Worth naming so you don't lose the habit once you're comfortable in the new job: this same 10-minutes-of-actual-curiosity move works for way more than interviews — walking into a new project, a client meeting, a performance review. The people who seem "sharp" in those settings are very often just the ones who spent ten minutes beforehand instead of zero.

Enjoy the new role.


non customer service jobs

i’m keeping this brief. i think i am going to end my life if i cant escape customer service. i have no college degree because i cant afford it and i live in an unsafe environment as it is. i need to figure out a solution FAST because i want to live but i need to get out of what’s making me want to stop breathing. people are evil and i cant keep being abused at work and at home. i’m desperate and im begging. i need a livable wage and i need help.


Jobadvisor

I'm really glad you reached out instead of staying silent with this. What you're describing — wanting to live but needing the pain to stop — is a really common and real place to be, and it doesn't mean something is wrong with you. It means you're carrying way more than one person should have to carry alone right now.

Please reach out to a crisis line today, right now if you can:

In the US: Call or text 988 (Suicide & Crisis Lifeline) — free, 24/7, and you don't need to have a "serious enough" reason, just needing to talk is enough. In Canada: Call or text 988 as well. Outside those: tell me your country and I'll find the right number for you.

You don't have to be actively planning anything for it to be worth calling. Being abused at work and unsafe at home, with no clear way out — that's crisis-level weight, and you deserve support carrying it, not just a job list.

I do want to help with the job piece too, because it's not a distraction from the crisis, it's part of what's causing it — a real income and a way out matters.

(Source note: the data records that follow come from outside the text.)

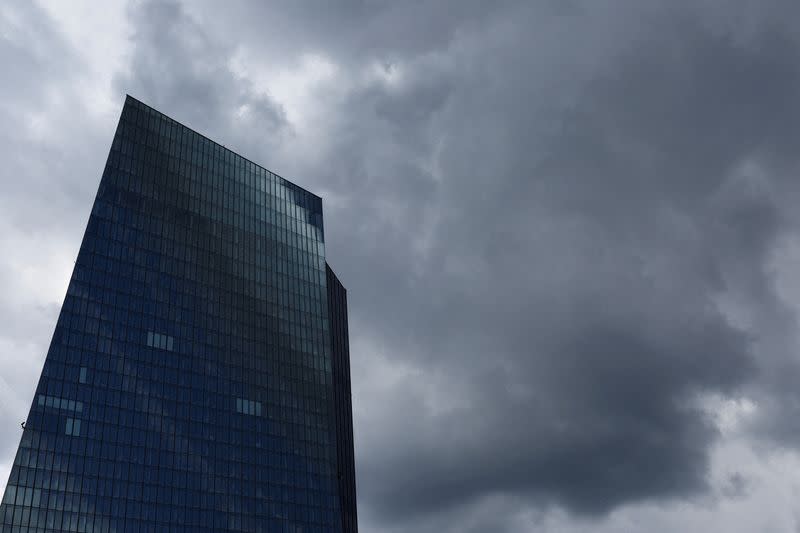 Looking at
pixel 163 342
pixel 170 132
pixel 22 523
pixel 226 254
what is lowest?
pixel 22 523

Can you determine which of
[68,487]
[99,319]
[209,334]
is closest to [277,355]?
[209,334]

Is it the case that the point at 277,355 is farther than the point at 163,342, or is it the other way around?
the point at 277,355

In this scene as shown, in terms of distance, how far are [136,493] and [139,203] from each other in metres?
58.2

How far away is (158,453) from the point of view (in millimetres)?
153000

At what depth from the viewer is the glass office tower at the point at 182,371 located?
5655 inches

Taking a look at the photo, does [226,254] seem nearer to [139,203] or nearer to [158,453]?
[139,203]

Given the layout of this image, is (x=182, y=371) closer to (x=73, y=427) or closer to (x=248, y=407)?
(x=248, y=407)

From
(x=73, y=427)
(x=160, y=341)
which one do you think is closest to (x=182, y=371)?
(x=160, y=341)

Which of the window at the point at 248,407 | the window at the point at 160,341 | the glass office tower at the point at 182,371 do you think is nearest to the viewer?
the glass office tower at the point at 182,371

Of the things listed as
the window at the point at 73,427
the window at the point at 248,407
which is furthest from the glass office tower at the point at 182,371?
the window at the point at 248,407

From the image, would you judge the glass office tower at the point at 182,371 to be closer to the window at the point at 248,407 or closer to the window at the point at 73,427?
the window at the point at 73,427

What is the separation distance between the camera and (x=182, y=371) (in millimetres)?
164000

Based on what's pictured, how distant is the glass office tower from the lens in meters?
144

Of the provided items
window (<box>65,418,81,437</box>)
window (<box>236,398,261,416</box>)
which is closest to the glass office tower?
window (<box>65,418,81,437</box>) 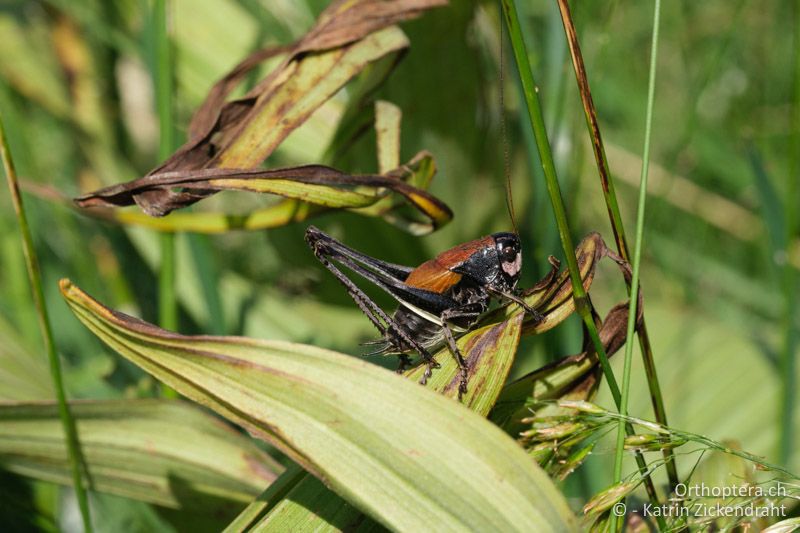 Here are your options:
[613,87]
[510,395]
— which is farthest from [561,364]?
[613,87]

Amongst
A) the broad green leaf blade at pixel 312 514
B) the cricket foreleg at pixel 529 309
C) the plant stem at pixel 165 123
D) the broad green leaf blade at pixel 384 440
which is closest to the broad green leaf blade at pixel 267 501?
the broad green leaf blade at pixel 312 514

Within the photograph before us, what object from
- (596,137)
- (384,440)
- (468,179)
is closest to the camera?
(384,440)

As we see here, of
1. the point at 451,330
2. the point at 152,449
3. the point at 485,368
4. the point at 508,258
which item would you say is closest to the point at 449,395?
the point at 485,368

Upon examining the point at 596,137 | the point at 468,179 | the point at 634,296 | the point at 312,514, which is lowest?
the point at 312,514

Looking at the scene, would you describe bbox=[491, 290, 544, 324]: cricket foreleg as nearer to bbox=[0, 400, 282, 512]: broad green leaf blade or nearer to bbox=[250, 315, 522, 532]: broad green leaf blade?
bbox=[250, 315, 522, 532]: broad green leaf blade

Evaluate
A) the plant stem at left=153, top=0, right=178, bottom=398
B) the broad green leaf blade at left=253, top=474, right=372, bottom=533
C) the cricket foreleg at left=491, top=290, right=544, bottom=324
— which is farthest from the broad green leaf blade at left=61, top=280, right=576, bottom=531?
the plant stem at left=153, top=0, right=178, bottom=398

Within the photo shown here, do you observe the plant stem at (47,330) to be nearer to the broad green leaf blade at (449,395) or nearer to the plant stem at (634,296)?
the broad green leaf blade at (449,395)

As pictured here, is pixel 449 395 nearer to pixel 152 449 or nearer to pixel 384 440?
pixel 384 440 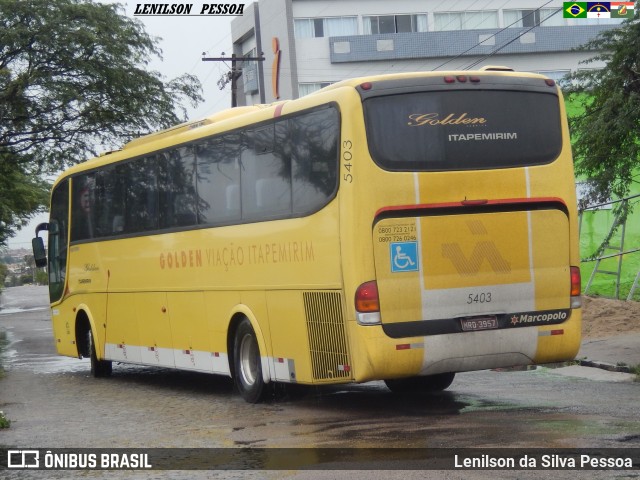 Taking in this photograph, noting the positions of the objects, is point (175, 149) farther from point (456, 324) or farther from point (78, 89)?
point (78, 89)

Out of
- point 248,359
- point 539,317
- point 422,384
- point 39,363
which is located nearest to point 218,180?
point 248,359

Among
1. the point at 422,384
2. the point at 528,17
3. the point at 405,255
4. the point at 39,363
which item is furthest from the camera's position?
the point at 528,17

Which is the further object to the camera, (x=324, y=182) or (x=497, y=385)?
(x=497, y=385)

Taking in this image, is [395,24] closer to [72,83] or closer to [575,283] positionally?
[72,83]

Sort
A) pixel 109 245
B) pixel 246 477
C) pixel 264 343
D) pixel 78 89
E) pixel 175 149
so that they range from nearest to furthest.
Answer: pixel 246 477 < pixel 264 343 < pixel 175 149 < pixel 109 245 < pixel 78 89

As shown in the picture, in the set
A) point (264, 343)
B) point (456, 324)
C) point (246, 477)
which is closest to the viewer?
point (246, 477)

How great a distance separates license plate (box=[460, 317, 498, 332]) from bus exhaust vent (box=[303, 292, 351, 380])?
1.21m

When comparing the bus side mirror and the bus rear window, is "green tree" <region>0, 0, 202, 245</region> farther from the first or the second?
the bus rear window

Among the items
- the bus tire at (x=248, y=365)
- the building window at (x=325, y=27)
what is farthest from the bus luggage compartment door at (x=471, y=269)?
the building window at (x=325, y=27)

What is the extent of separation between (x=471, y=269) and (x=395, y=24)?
5289cm

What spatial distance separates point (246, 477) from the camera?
8406 millimetres

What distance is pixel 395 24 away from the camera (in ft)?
206

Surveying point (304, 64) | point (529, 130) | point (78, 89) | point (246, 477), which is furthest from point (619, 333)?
point (304, 64)

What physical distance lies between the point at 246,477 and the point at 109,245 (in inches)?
405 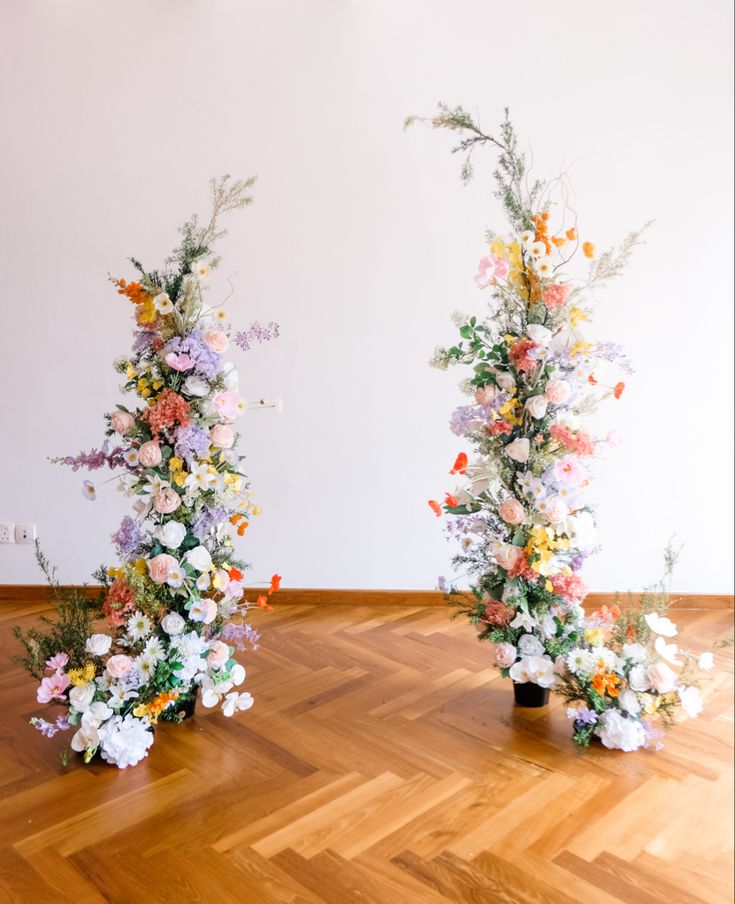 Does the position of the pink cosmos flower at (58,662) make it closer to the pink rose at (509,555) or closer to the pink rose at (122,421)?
the pink rose at (122,421)

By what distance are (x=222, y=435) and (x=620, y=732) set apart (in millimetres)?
1567

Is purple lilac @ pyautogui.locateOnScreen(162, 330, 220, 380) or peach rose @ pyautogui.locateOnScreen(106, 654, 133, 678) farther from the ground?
purple lilac @ pyautogui.locateOnScreen(162, 330, 220, 380)

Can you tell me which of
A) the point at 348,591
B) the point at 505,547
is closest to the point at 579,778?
the point at 505,547

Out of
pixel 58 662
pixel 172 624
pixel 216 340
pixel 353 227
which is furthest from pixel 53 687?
pixel 353 227

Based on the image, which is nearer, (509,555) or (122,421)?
(122,421)

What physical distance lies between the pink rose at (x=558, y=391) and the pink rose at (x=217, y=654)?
1331 millimetres

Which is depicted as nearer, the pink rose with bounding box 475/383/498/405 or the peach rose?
the peach rose

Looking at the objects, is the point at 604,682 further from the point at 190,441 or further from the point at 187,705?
the point at 190,441

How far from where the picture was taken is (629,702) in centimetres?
285

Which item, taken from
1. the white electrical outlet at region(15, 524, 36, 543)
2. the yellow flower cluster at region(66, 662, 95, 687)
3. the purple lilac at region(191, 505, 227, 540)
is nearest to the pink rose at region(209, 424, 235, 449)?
the purple lilac at region(191, 505, 227, 540)

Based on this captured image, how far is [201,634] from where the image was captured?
2.94 m

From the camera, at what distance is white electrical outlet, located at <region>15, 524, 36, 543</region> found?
4434 mm

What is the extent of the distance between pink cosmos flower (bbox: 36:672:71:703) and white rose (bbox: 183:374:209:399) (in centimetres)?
96

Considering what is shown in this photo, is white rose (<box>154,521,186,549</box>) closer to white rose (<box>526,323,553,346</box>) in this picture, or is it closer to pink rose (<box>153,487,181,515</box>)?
pink rose (<box>153,487,181,515</box>) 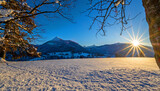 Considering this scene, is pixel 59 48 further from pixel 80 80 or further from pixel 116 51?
pixel 80 80

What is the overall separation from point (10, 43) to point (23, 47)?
4.10 ft

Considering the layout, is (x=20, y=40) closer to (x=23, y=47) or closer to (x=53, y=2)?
(x=23, y=47)

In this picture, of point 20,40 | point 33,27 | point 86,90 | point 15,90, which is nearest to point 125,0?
point 86,90

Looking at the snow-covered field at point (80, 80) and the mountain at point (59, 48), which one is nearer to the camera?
the snow-covered field at point (80, 80)

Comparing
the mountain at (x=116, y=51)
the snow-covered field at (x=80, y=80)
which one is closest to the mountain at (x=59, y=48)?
the mountain at (x=116, y=51)

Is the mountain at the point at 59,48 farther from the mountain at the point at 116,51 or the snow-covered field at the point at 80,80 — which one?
the snow-covered field at the point at 80,80

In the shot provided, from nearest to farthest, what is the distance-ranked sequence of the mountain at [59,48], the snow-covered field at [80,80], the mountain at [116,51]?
the snow-covered field at [80,80] < the mountain at [116,51] < the mountain at [59,48]

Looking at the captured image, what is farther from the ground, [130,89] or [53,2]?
[53,2]

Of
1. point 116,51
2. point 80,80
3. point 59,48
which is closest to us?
point 80,80

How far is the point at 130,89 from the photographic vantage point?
87.7 inches

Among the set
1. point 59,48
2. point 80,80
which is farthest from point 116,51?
point 80,80

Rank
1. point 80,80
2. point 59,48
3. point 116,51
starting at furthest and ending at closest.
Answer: point 116,51, point 59,48, point 80,80

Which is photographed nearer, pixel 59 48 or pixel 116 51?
pixel 59 48

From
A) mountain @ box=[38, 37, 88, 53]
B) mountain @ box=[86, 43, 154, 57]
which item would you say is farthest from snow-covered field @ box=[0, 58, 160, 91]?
mountain @ box=[38, 37, 88, 53] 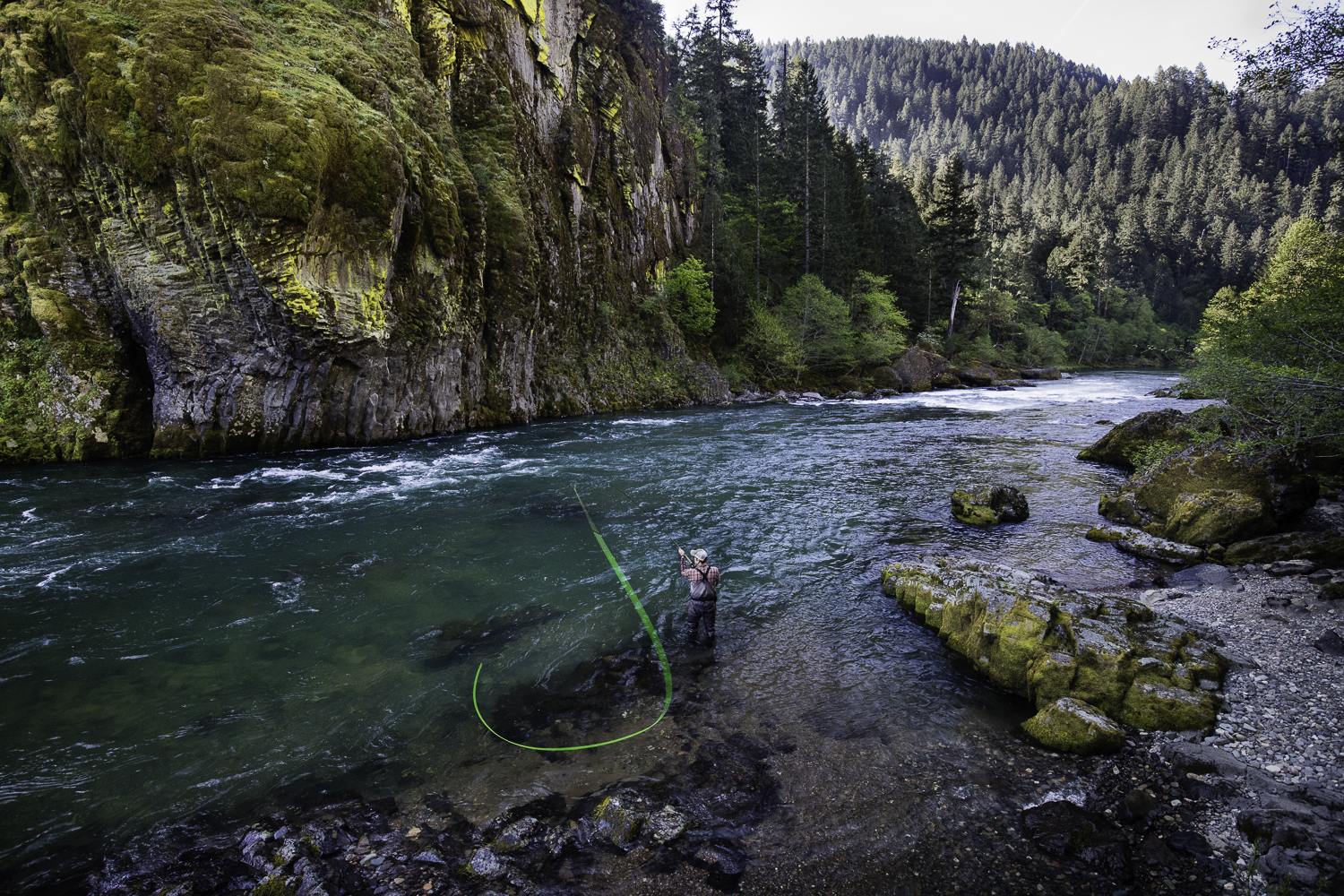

A few things that are genuinely true: there are non-customer-service jobs that don't require a degree and can pay a livable wage, especially in skilled trades (apprenticeships pay you while you train — electrician, HVAC, plumbing), warehouse/logistics with growth paths, medical billing/coding (often certifiable in months, not years), commercial driving, or entry-level roles in manufacturing, IT support (this one's borderline customer-facing but often much less abusive than retail/call center), or data entry. Many of these have low or no upfront cost to start.

Can I ask — are you safe right now, tonight? And what country/region are you in, so I can point you to resources that actually apply to you?